▸ **The input**:
**********

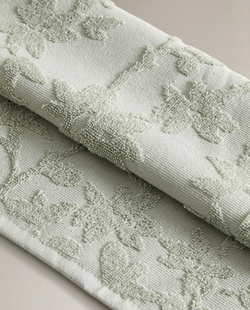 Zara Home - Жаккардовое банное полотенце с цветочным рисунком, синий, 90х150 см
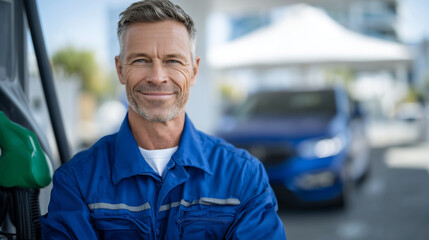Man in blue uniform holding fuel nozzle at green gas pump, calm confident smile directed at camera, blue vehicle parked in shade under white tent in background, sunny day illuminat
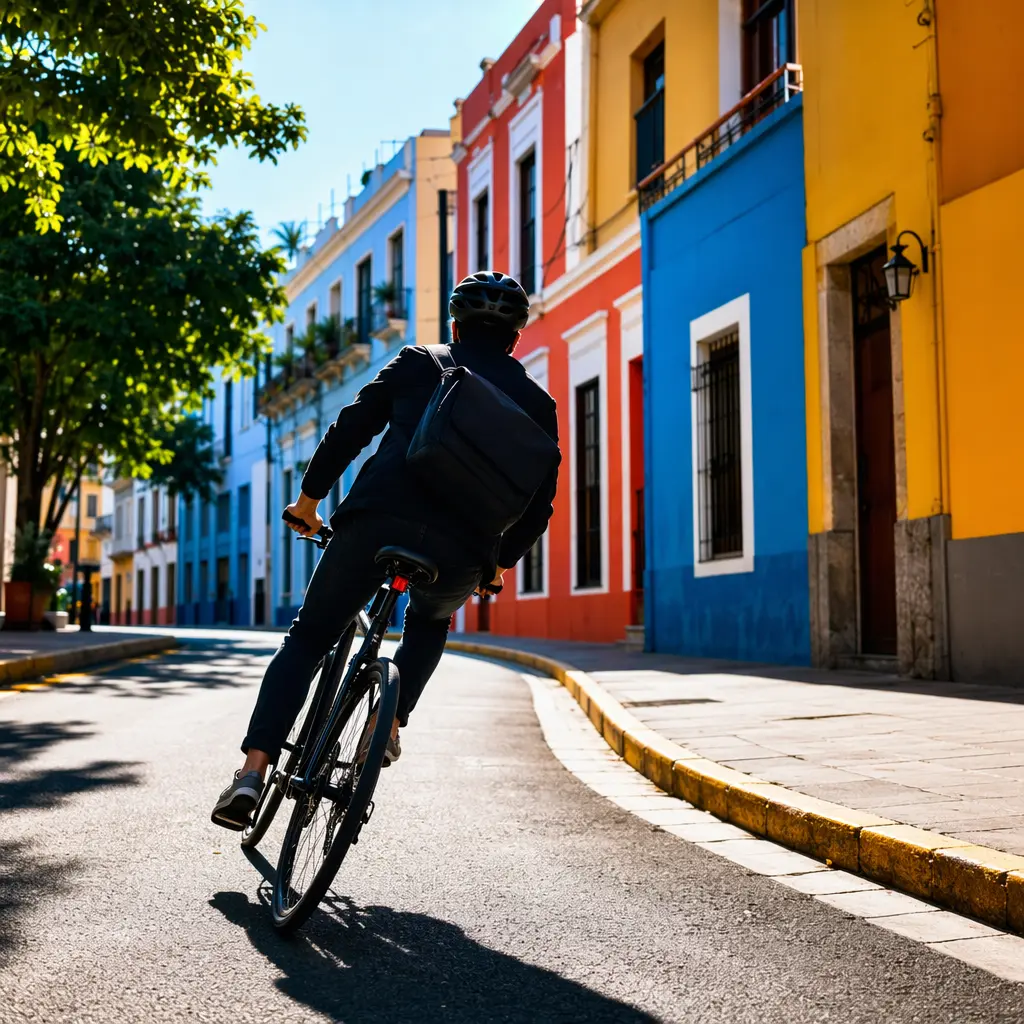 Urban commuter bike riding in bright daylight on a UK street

**********

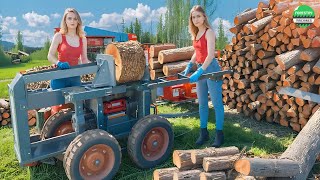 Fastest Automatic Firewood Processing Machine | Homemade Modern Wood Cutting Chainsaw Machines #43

**********

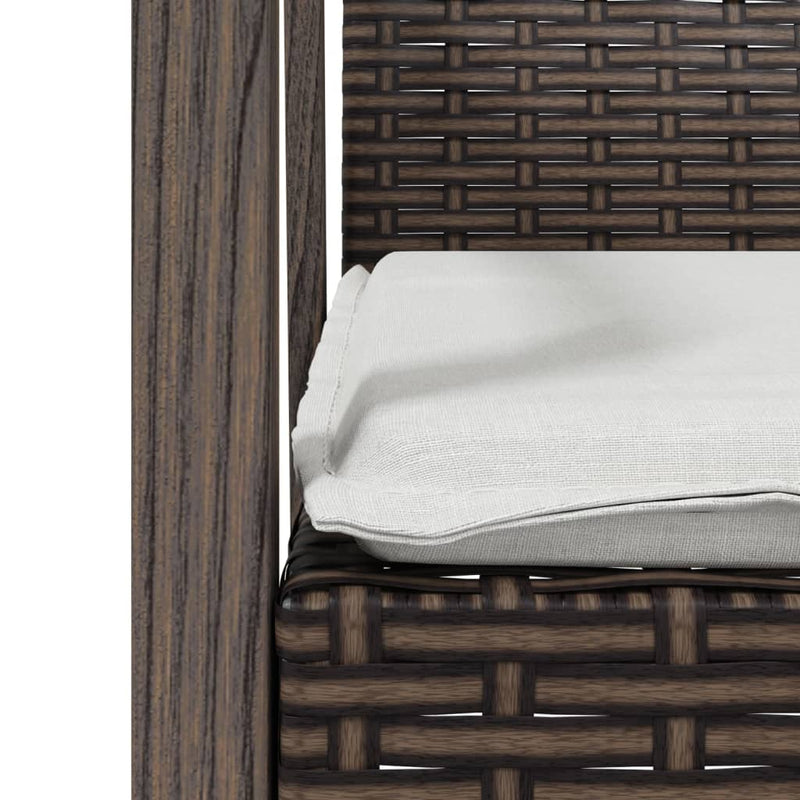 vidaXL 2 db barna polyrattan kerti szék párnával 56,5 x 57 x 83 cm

**********

Print an exact copy of the lines above, from the one containing "Zara Home - Жаккардовое" through the one containing "Urban commuter bike", and leave out the pictures.

▸ **Exercise output**:
 Zara Home - Жаккардовое банное полотенце с цветочным рисунком, синий, 90х150 см
Man in blue uniform holding fuel nozzle at green gas pump, calm confident smile directed at camera, blue vehicle parked in shade under white tent in background, sunny day illuminat
 Urban commuter bike riding in bright daylight on a UK street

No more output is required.